G&A Expenses: The Company’s general and administrative expenses increased to $3.4 million for the quarter ended September 30, 2019 as compared to $2.8 million for the third quarter of 2018. The increase was due to higher patent, legal and non-cash stock-based compensation expenses.
Shares Outstanding: Shares outstanding as of September 30, 2019 were 43,359,949.
The Company will host a conference call and webcast today at 8:30 a.m. ET. The dial-in number for the conference call is (844) 413-7154 (U.S. and Canada) or (216) 562-0466 (international) with passcode 9845948. To access the live audio webcast, or the subsequent archived recording, visit the "Investors – Events & Presentations" section of the GlycoMimetics website at www.glycomimetics.com. The webcast will be recorded and available for replay on the GlycoMimetics website for 30 days following the call.
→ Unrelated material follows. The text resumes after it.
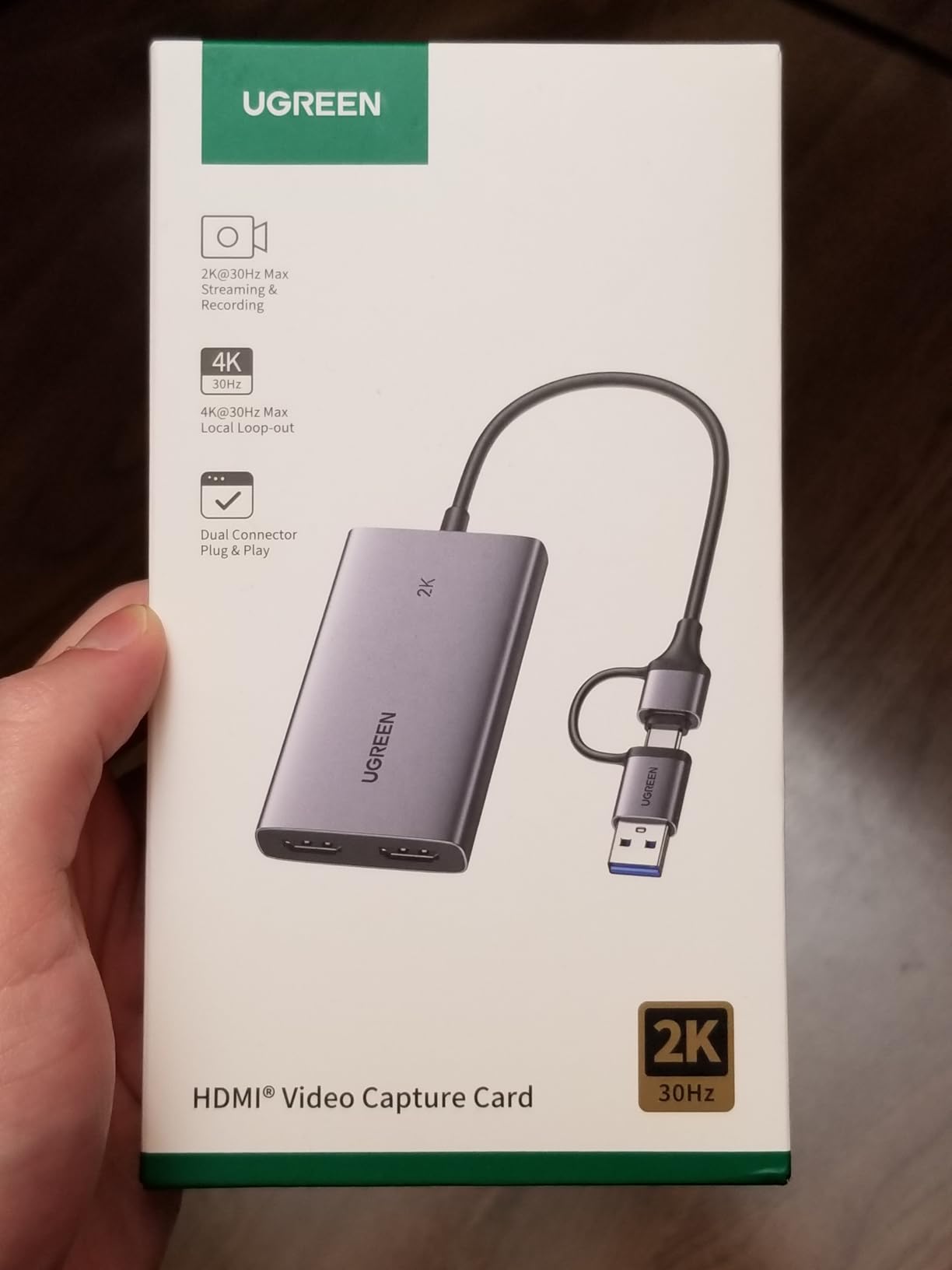 UGREEN 4K@30Hz Loop Out HDMI Capture Card for 2K 30FPS 1080P 60FPS USB 3.0 customer photo 2
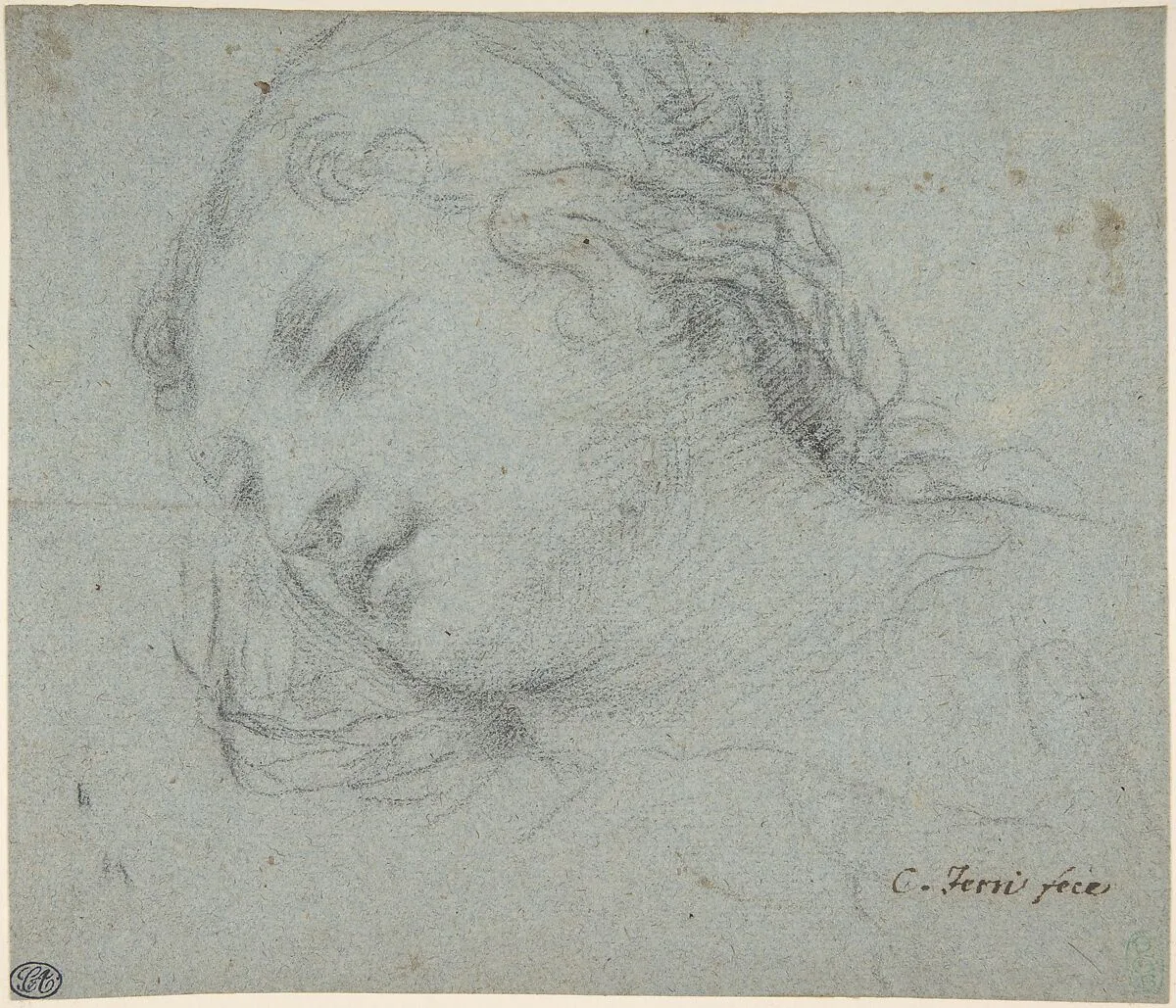 Head of a Woman (recto); Head of a Child, Study of Children's Forearms (verso) — Ciro Ferri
About Uproleselan (GMI-1271)

Uproleselan (yoo’ pro le’ sel an), currently in a comprehensive Phase 3 development program in AML, has received Breakthrough Therapy Designation from the U.S. Food and Drug Administration (FDA) for the treatment of adult AML patients with relapsed or refractory disease. Uproleselan is designed to block E-selectin (an adhesion molecule on cells in the bone marrow) from binding with blood cancer cells as a targeted approach to disrupting well-established mechanisms of leukemic cell resistance within the bone marrow microenvironment. In a Phase 1/2 clinical trial, uproleselan was evaluated in both newly diagnosed elderly and relapsed or refractory patients with AML. In both populations, patients treated with uproleselan together with standard chemotherapy achieved better-than-expected remission rates and overall survival compared to historical controls, which have been derived from results from third-party clinical trials evaluating standard chemotherapy, as well as lower-than-expected induction-related mortality rates. Treatment in these patient populations was generally well tolerated, with fewer than expected adverse effects.

About GMI-1359

GMI-1359 is designed to simultaneously inhibit both E-selectin and CXCR4. E-selectin and CXCR4 are both adhesion molecules involved in tumor trafficking and metastatic spread. Preclinical studies indicate that targeting both E-selectin and CXCR4 with a single compound could improve efficacy in the treatment of cancers that involve the bone marrow such as AML and multiple myeloma or in solid tumors that metastasize to the bone, such as prostate cancer and breast cancer. GMI-1359 has completed a Phase 1 clinical trial in healthy volunteers. In the fourth quarter of 2019, the Company plans to initiate an exploratory clinical trial in individuals with breast cancer whose tumors have spread to bone.